Changing back to a rubber line and moving it away from the headers might help reduce the temperature of the fuel inside the lines. Just insulating the hard line might be enough to prevent boiling. The fuel is probably actually boiling in the float bowl, however, not in the line. They make insulated base gaskets for those carbs, and some cars with carbs used sheet-metal heat shields to keep heat from the headers from radiating into the carburetor.

Toward the end of the carburetor era in the '80s, some manufacturers resorted to recycling some of the fuel from the fuel pump back to the tank. This was done with a tee fitting that had a small restriction in one leg of the tee, allowing a small trickle of fuel to go back to the tank through a separate line.

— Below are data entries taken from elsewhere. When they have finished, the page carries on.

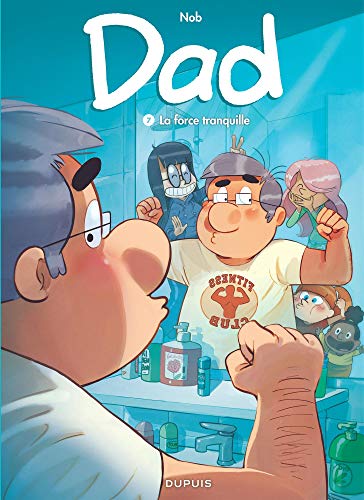 Dad, Tome 7 : La force tranquille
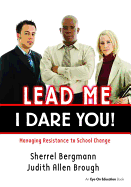 Lead Me, I Dare You!: Managing Resistance to School Change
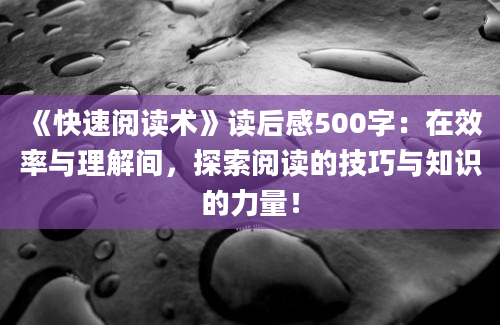 《快速阅读术》<a href=https://www.baixuetang.com target=_blank class=infotextkey>读后感</a>500字：在效率与理解间，探索阅读的技巧与知识的力量！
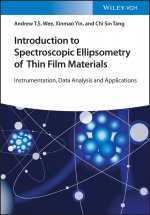 Introduction to Spectroscopic Ellipsometry of Thin  Film Materials - Instrumentation, Data Analysis and Applications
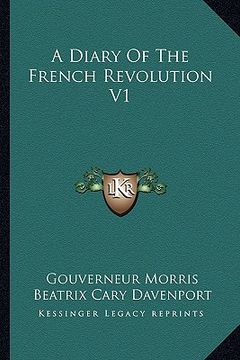 portada a diary of the french revolution v1 (in English)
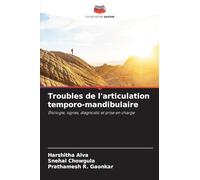 Troubles de l'articulation temporo-mandibulaire: Étiologie, signes, diagnostic et prise en charge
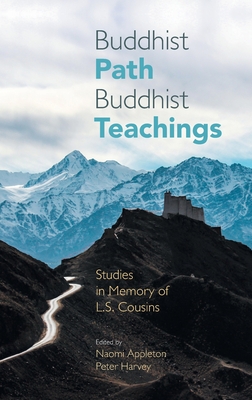 Buddhist Path, Buddhist Teachings: Studies in Memory of L.S. Cousins - Appleton, Naomi (Editor), and Harvey, Peter (Editor)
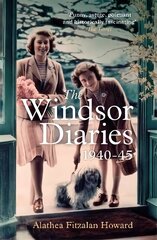 Windsor Diaries: A childhood with the young Princesses Elizabeth and Margaret kaina ir informacija | Biografijos, autobiografijos, memuarai | pigu.lt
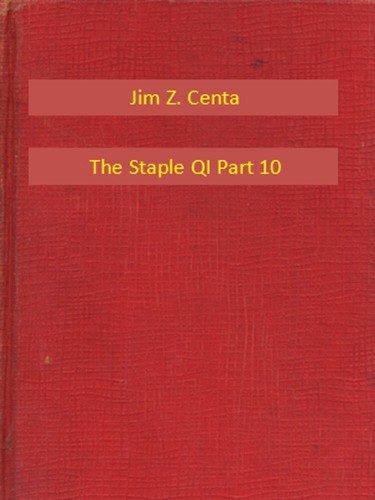 Centa Jim Z. - The Staple QI Part 10 [eKönyv: epub, mobi]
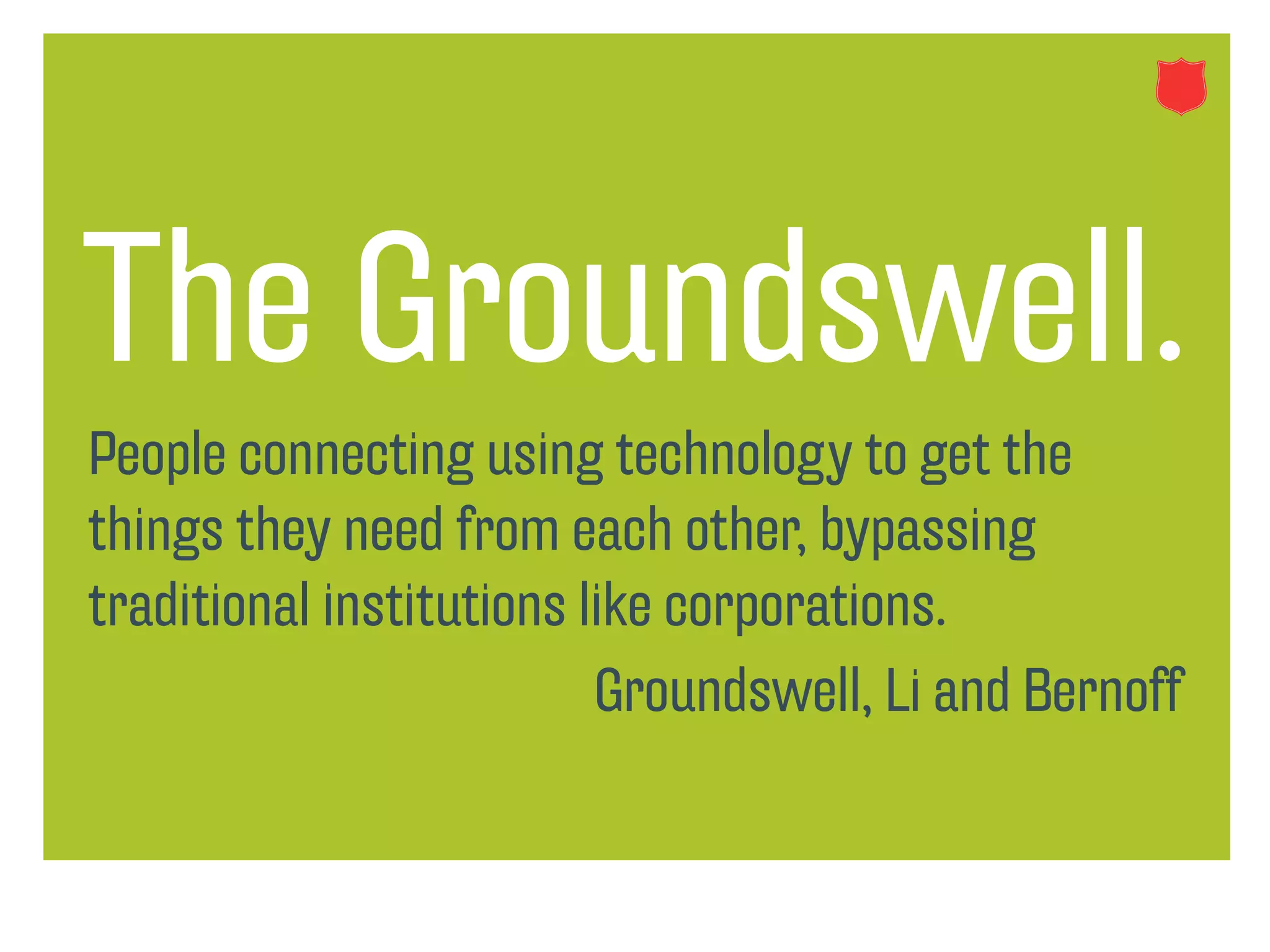 The Groundswell.
People connecting using technology to get the
things they need from each other, bypassing
traditional institutions like corporations.
                          Groundswell, Li and Bernoff
 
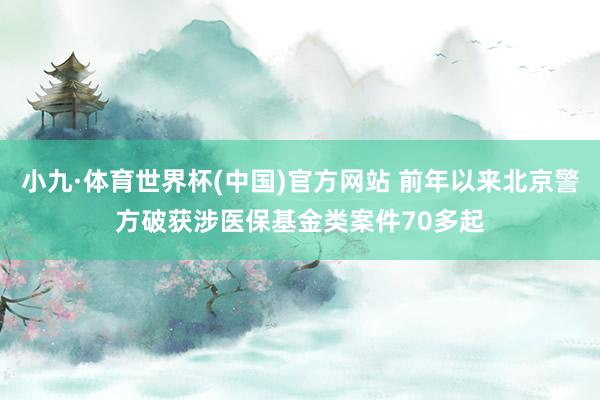 小九·体育世界杯(中国)官方网站 前年以来北京警方破获涉医保基金类案件70多起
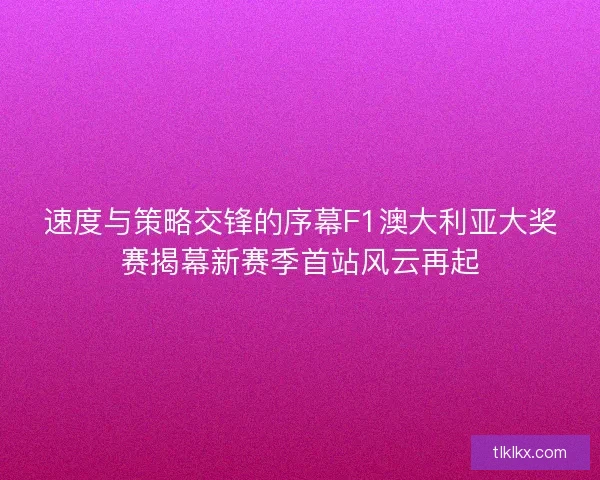 速度与策略交锋的序幕F1澳大利亚大奖赛揭幕新赛季首站风云再起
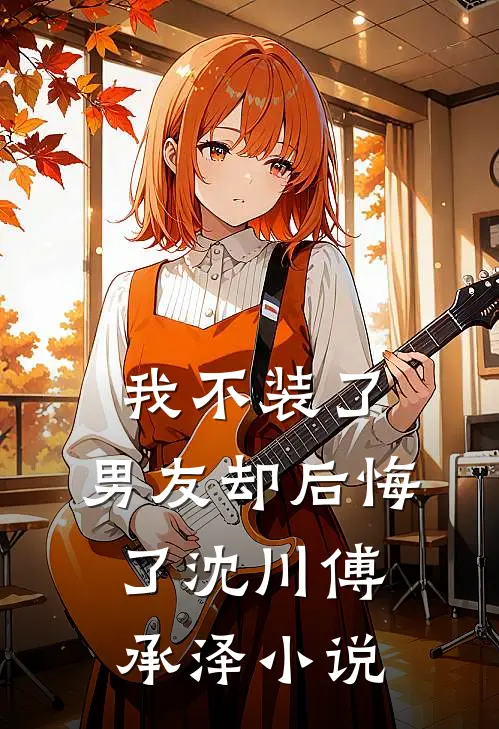 我不装了，男友却后悔了沈川傅承泽小说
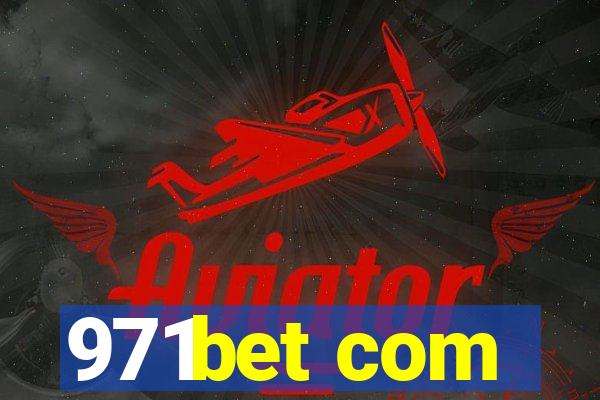 971bet com
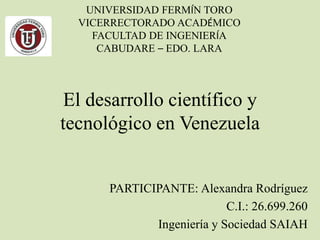 El desarrollo científico y
tecnológico en Venezuela
PARTICIPANTE: Alexandra Rodríguez
C.I.: 26.699.260
Ingeniería y Sociedad SAIAH
UNIVERSIDAD FERMÍN TORO
VICERRECTORADO ACADÉMICO
FACULTAD DE INGENIERÍA
CABUDARE – EDO. LARA
 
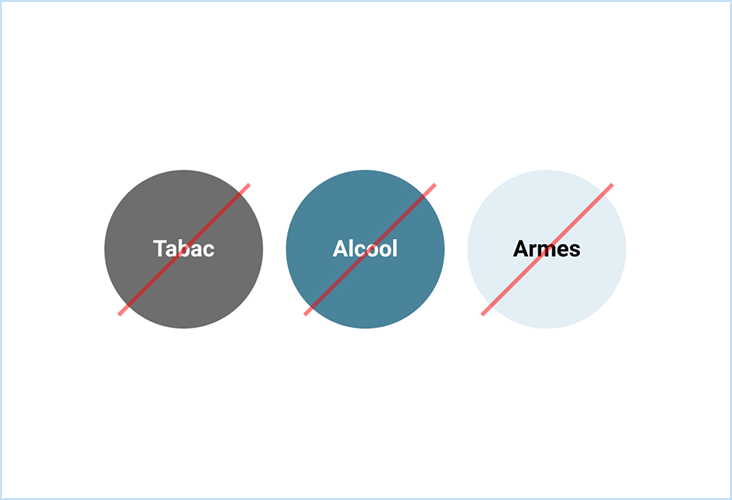 Trois cercles barrés avec les inscriptions tabac, alcool et armes.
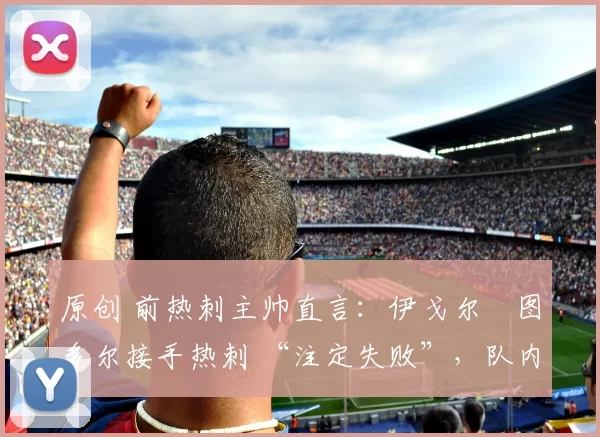 原创 前热刺主帅直言：伊戈尔・图多尔接手热刺 “注定失败”，队内氛围 “ toxic 至极”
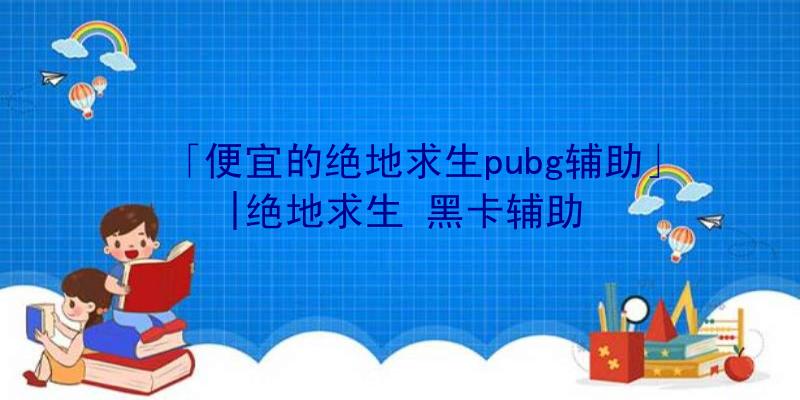 「便宜的绝地求生pubg辅助」|绝地求生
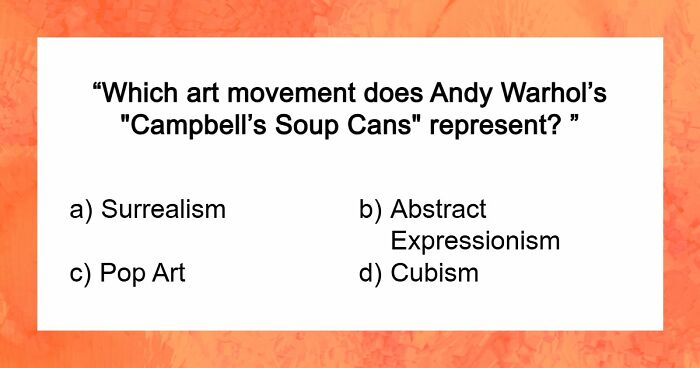 “How Well Do You Know Art?”: Prove Your Skills With This 20-Question Periods Quiz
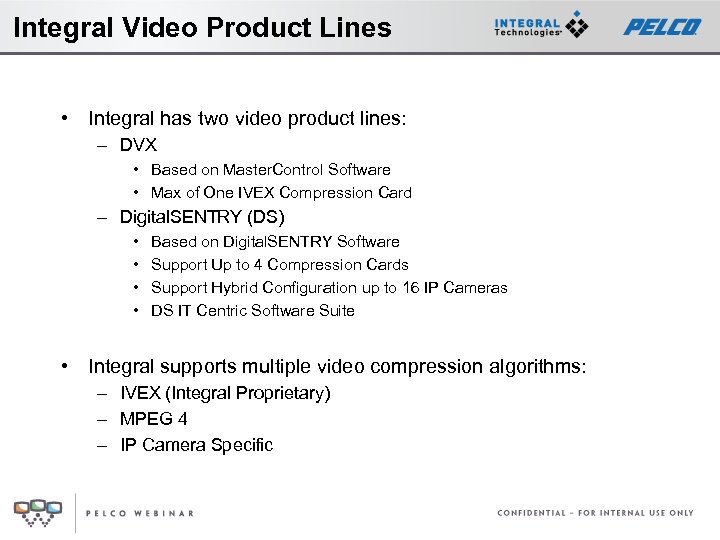 Integral Video Product Lines • Integral has two video product lines: – DVX •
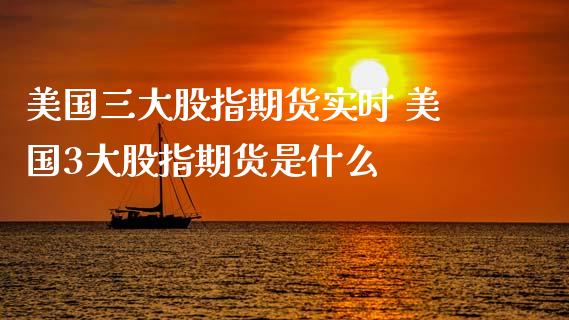 美国三大股指期货实时 美国3大股指期货是什么_https://www.iteshow.com_期货知识_第2张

The cool fuel from the tank, moving continuously through the line, kept the fuel from boiling. This required a fuel tank with an additional fitting for the return line. You might check if your tank could be modified, or replaced with a later model tank with the fitting. Come to think of it, the fitting was often in the fuel sender plate, so all you might have to change is the fuel sender for one with the extra fitting, and then run an additional line from the engine compartment back to the tank.

If you have air conditioning, you might try my favorite fix: Wrap the fuel line around the cold a/c refrigerant line as the refrigerant line heads back to the compressor from the evaporator. Strip off the insulation, wrap the hose around the cool line, and rewrap with fresh insulation. I'll bet that if the engine is hot enough to vapor lock, you're hot enough to need the air conditioning on.